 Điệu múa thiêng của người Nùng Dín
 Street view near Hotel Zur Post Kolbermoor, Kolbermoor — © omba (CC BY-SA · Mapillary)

· · · · ·

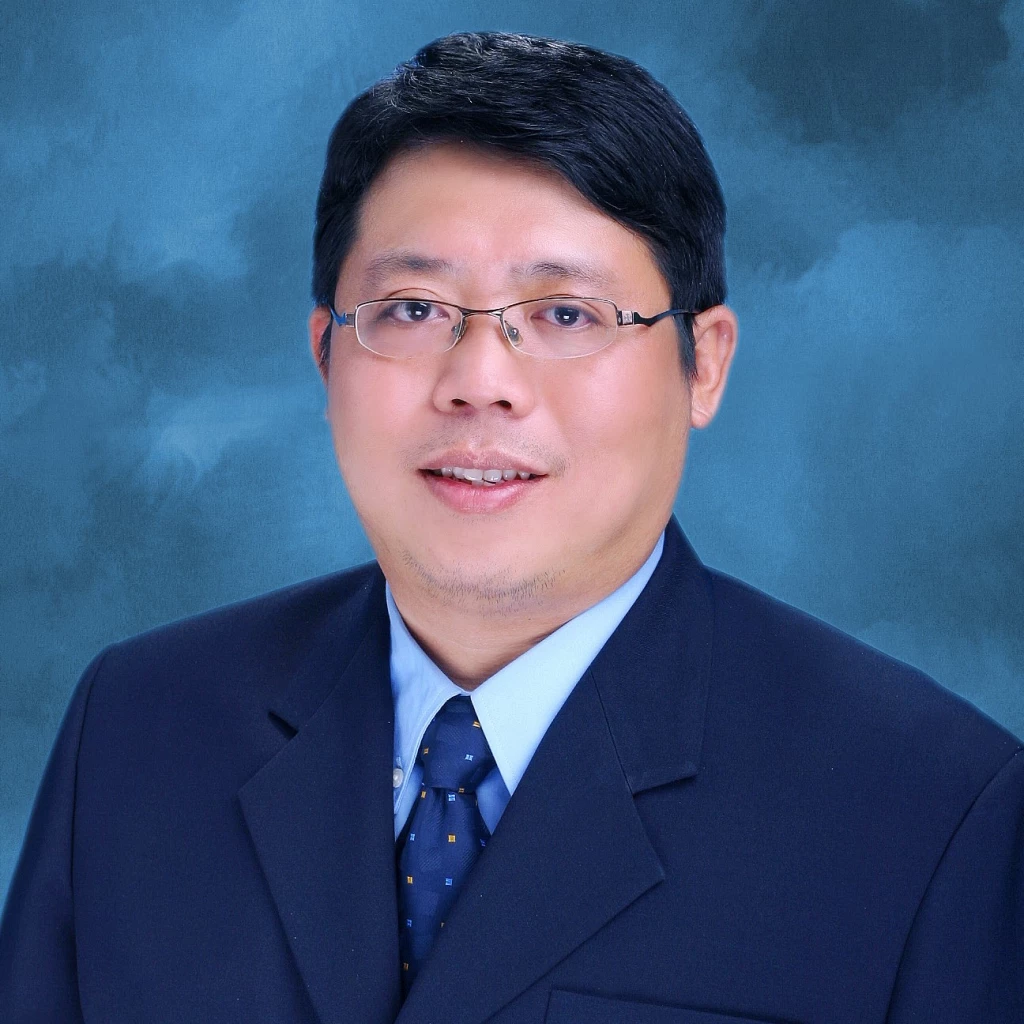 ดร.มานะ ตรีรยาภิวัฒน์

· · · · ·

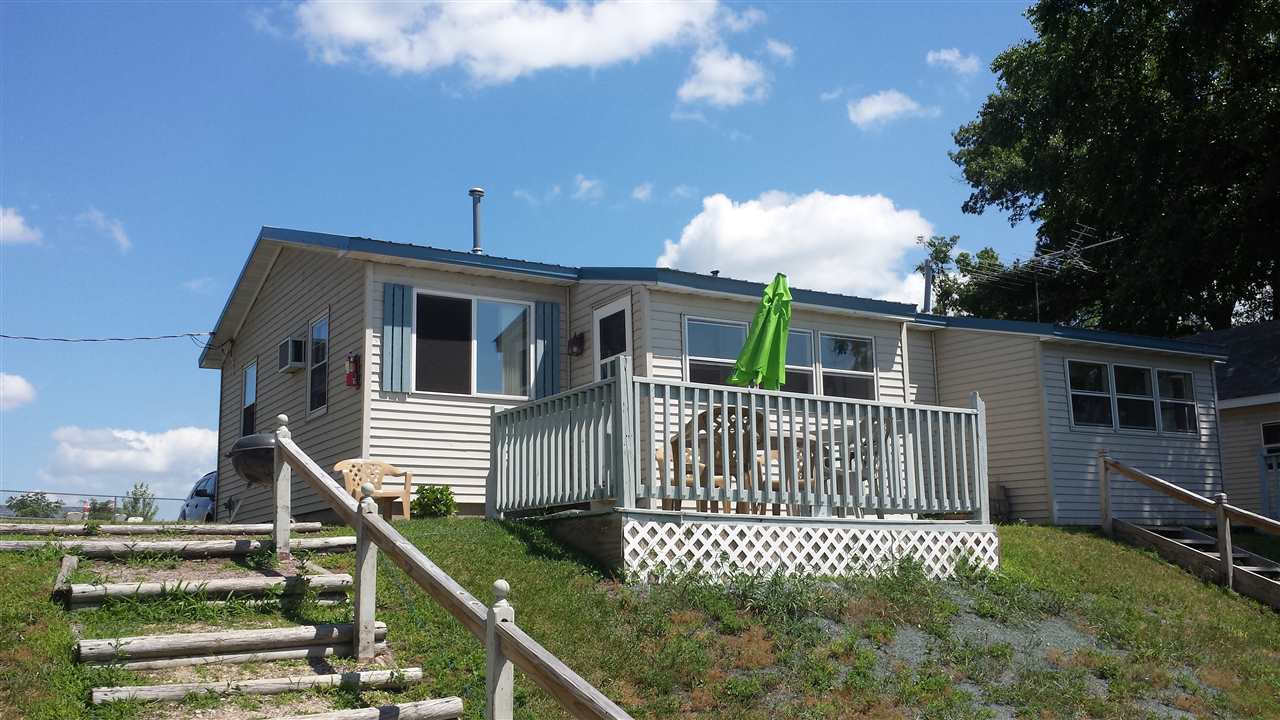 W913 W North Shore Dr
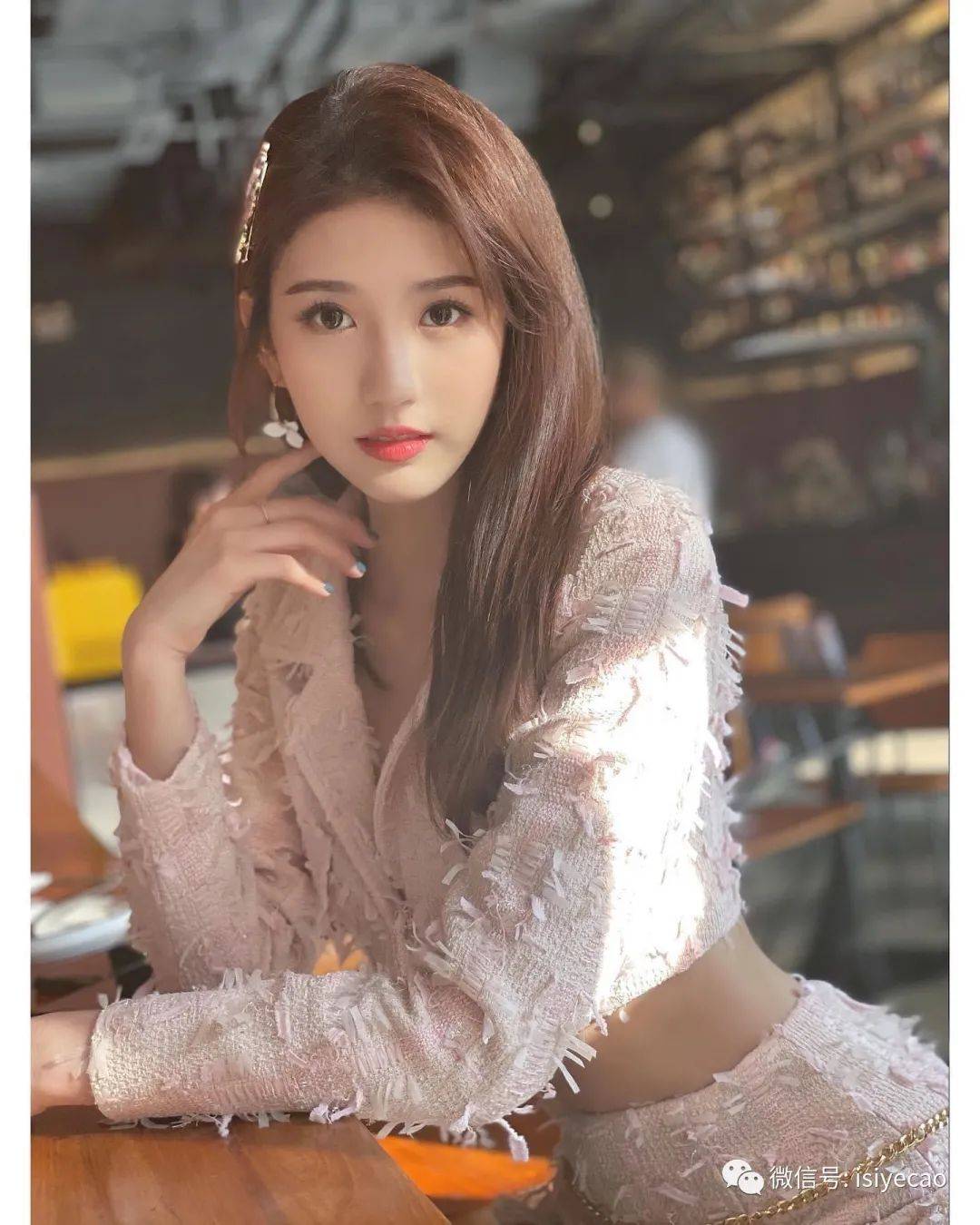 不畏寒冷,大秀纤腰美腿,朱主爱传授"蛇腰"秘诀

· · · · ·

● What you have to do
Your answer should consist only of the lines above between the line holding "Điệu múa thiêng của người Nùng Dín" and the line holding "Street view near", inclusive, each transcribed exactly.

● Task response
 Điệu múa thiêng của người Nùng Dín
 Street view near Hotel Zur Post Kolbermoor, Kolbermoor — © omba (CC BY-SA · Mapillary)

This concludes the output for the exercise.